On 01/28/2013 03:31 PM, Michael Hudson-Doyle wrote:
Thoughts? Am I solving the wrong problem?
Well. The thing that occurs to me is that what we are doing here is building a system that aims to be available for writes in the face of network partitions, and other people have already built systems that have this property -- it is basically the whole principle behind Amazon's famous dynamo db [1] and the systems it inspired like Riak and Cassandra. It seems unlikely that we'd do a better job than them.
time to read your article below.
One thing that I don't completely understand how to replicate if we have a simple job-accepting scheduler in the cloud is the sanity check about the submitting user being able to submit results to the stream specified in the job -- or even if token provided while submitting the job is valid, come to think of it!

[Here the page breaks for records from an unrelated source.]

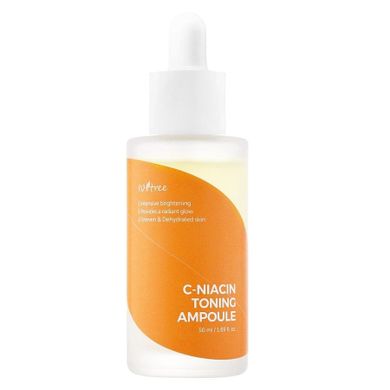 Isntree, C-Niacin Toning Ampoule, tonizująca ampułka do twarzy, 50 ml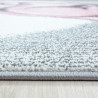 AKCE: 120x170 cm Dětský kusový koberec Bambi 850 pink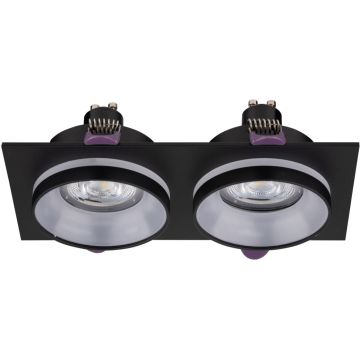 Downlight wpuszczany JET 6925 2x10W/GU10 IP20 od TK Lighting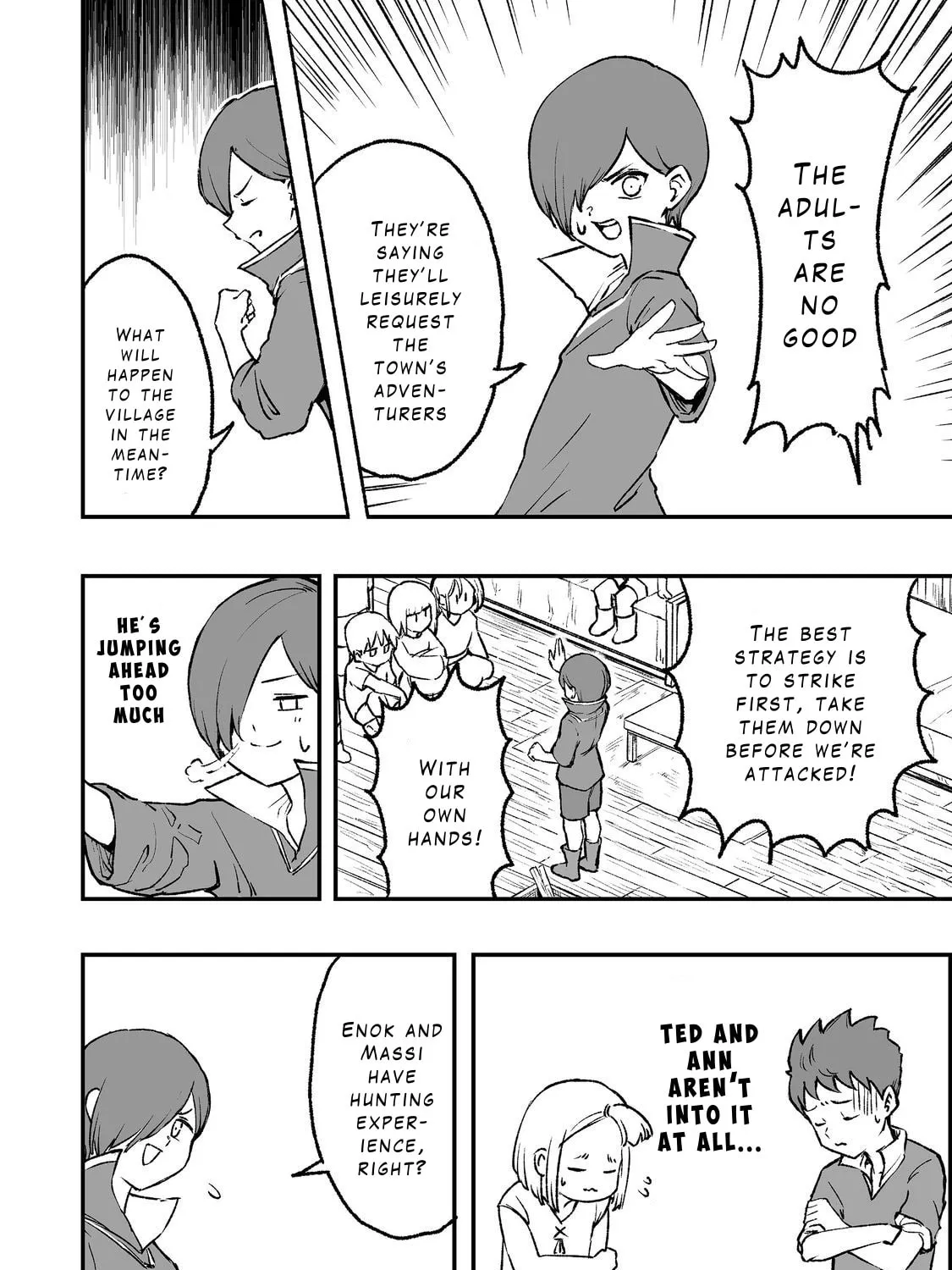 Kakure Tensei Chapter 2 page 61 -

I thought about this before my original email and decided to not mention this issue. However, my thinking was that we might need to add a new state to a job called something like "REJECTED". Now normally, we just reject a request before it ever becomes a job. However, in this offline mode, we could wait to reject the job until we came back online and were able to do the proper checks.
Cheers, mwh
[1] Everyone in computing should take the 40 minutes or so it takes to read this paper: http://www.allthingsdistributed.com/files/amazon-dynamo-sosp2007.pdf if only for this quote:
yeah - this is bound to make me smarter :)
"For example, customers should be able to view and add items to their shopping cart even if disks are failing, network routes are flapping, or data centers are being destroyed by tornados."